# Noob Mixer



## Tank88 (28/7/16)

Hi guys. My vaping habits are staring to make a severe dent in my pocket and I'm seriously considering going the DIY route with my juices. Can anyone give me any advice on where to get concentrate and what type/brand I should be getting? What equipment is needed to mix? Simple and foolproof recipes?

Please help


----------



## Warlock (28/7/16)

@Tank88, follow the thread DIY-What's The Catch. Started by Clytch.

Reactions: Agree 1


----------



## SAVaper (28/7/16)

Here you go:

http://www.ecigssa.co.za/calling-all-diyers.t10799/page-111#post-406431

http://www.ecigssa.co.za/diy-whats-the-catch.t26079/page-3#post-405919

Reactions: Winner 1


----------



## Warlock (28/7/16)

Thanks @SAVaper.

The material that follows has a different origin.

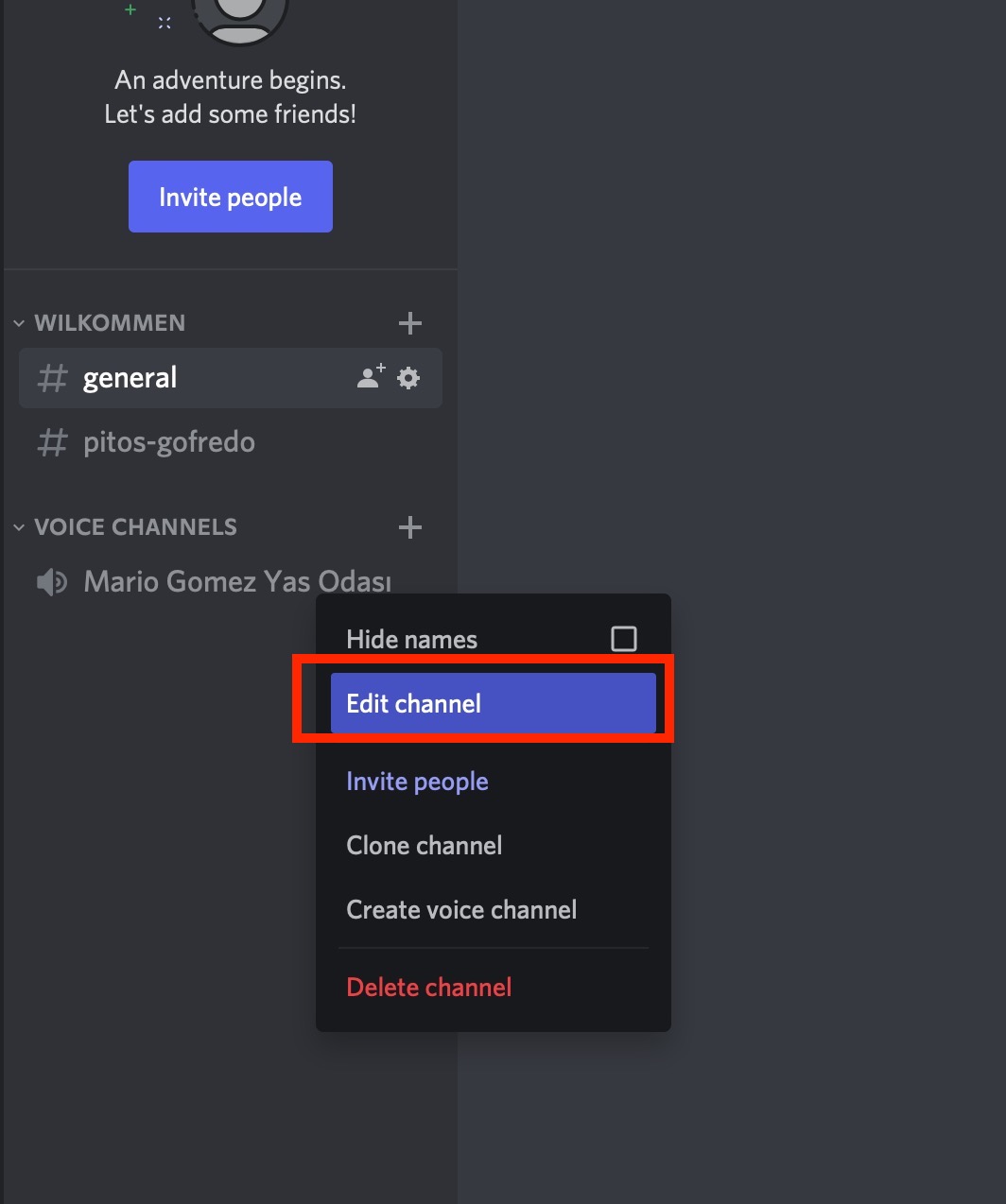 Show hidden channels discord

I could not find the link. I'm sure @Tank88 will appreciate the link.


SAVaper said:


> Here you go:
> 
> http://www.ecigssa.co.za/calling-all-diyers.t10799/page-111#post-406431
> 
> http://www.ecigssa.co.za/diy-whats-the-catch.t26079/page-3#post-405919

Reactions: Like 1


----------



## Andre (28/7/16)

And check out this video: http://www.ecigssa.co.za/complete-beginners-guide-to-making-e-liquid-diy-tutorial.t25528/


----------



## Greyz (29/7/16)

@Tank88 do yourself a favour and invest in a digital scale for mixing. It will save you spending money on numerous needles and cut your mixing time down tremediusly. And no more cleaning needles between mixes etc. But the major plus for me was I can mix without worrying about the kids around all these needles.
I wish someone had told me this when I started DIY, it took me a few months to get a scale and I wish I'd gotten one earlier. 
Last night I mixed 100ml in less than 20min.

Reactions: Agree 2


----------